Kuhnian Revolutions and Economists

The Structure of Scientific Revolutions

After reading Blanchard’s (2008) “The State of Macro” (NBER WP 14259) and after listening a leading Brazilian mathematical economist talk about the major developments in this area after World War II, I realized how pervasive is the use of Kuhn’s notion of scientific revolutions among practicing economists (and there are many other examples of such use). I started wondering why.

Both Blanchard, who wants to explain the consensus view of fluctuations and of methodology that emerged in recent macro, and the mathematical economist were making an overview of their fields.
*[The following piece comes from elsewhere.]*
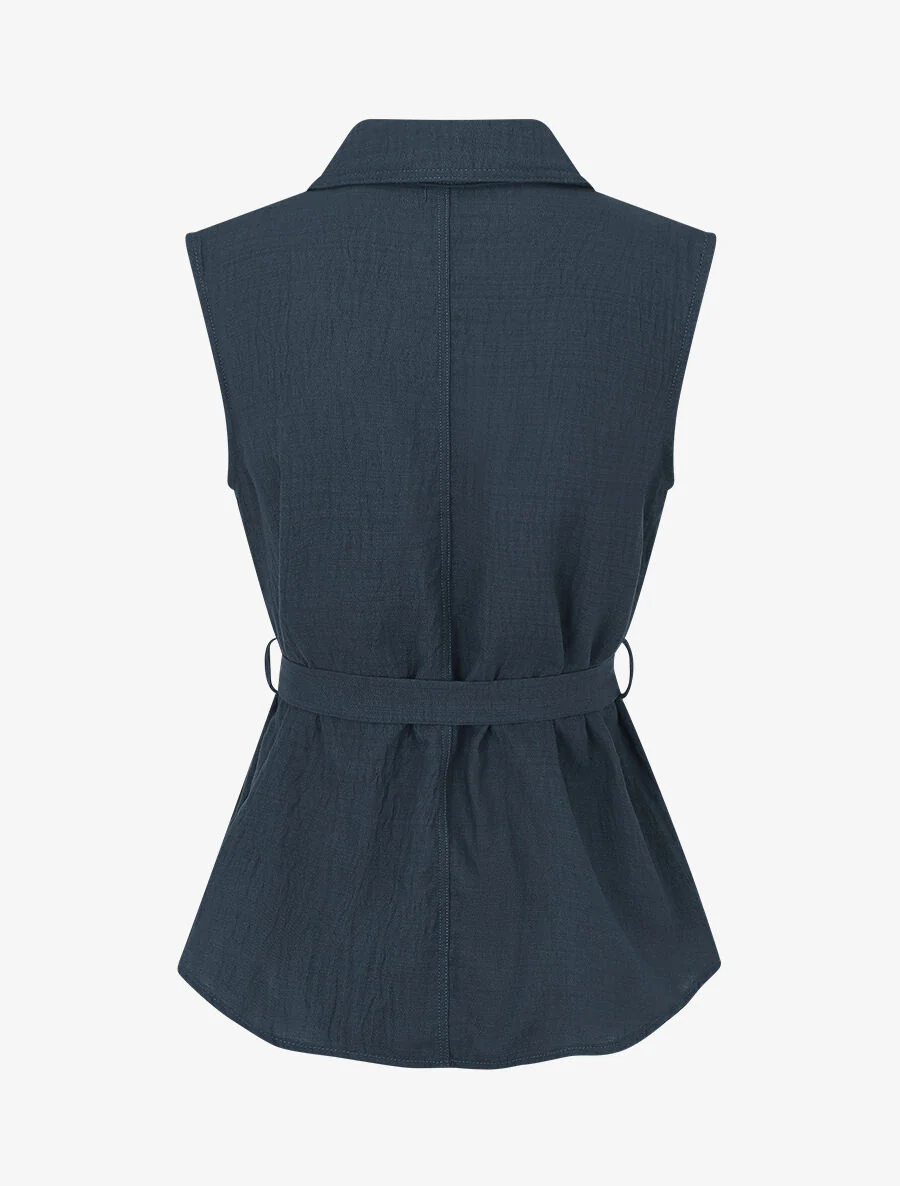 Ensemble top sans manches et pantalon - Bleu pétrole - Image 3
Such overviews are natural invitations for talking about past and future developments. And here the notion of a revolution pops up often.

Thomas Kuhn
Thomas Kuhn

The notion that there are competing “paradigms” at certain points and that one becomes central during “normal” times, and that “revolutions” mark the passage from one paradigm to another, may sound very close to a Darwinian competition of theories for practicing economists. Here, the gist is the role played by “facts” in helping scientists abandon “wrong” theories. I felt that this was implicit in both Blanchard’s analysis and that of the mathematical economist.  For instance, Blanchard (p. 2, emphasis added) writes:

The theme [of this paper] is that, after the explosion (in both the positive and negative meaning of the word) of the field [macroeconomics] in the 1970s, there has been enormous progress and substantial convergence. For a while–too long a while–the field looked like a battlefield. Reserarchers split in different directions, mostly ignoring each other, or else engaging in bitter fights and controversies. Over time however, largely because facts have a way of not going away, a largely shared vision both of fluctuations and of methodology has emerged. Not everything is fine. Like all revolutions, this one has come with the destruction of some knowledge, and suffers from extremism, hearding, and fashion. But none of this is deadly. The state of macro is good.

Besides the affinity between this interpretation of Kuhnian revolutions and a competitive market of ideas, there is yet another role for using the notion of a revolution by practicing economists: revolutions come with clearly identified winners (no care for losers!), as Lucas over “Keynes”, and DSGE (Dynamic Stochastic General Equilibrium) models over RBC or the first generation of New-Keynesian models, etc.

I will let the others enlighten me about how often Kuhn’s ideas are used by other practicing scientists (and why?).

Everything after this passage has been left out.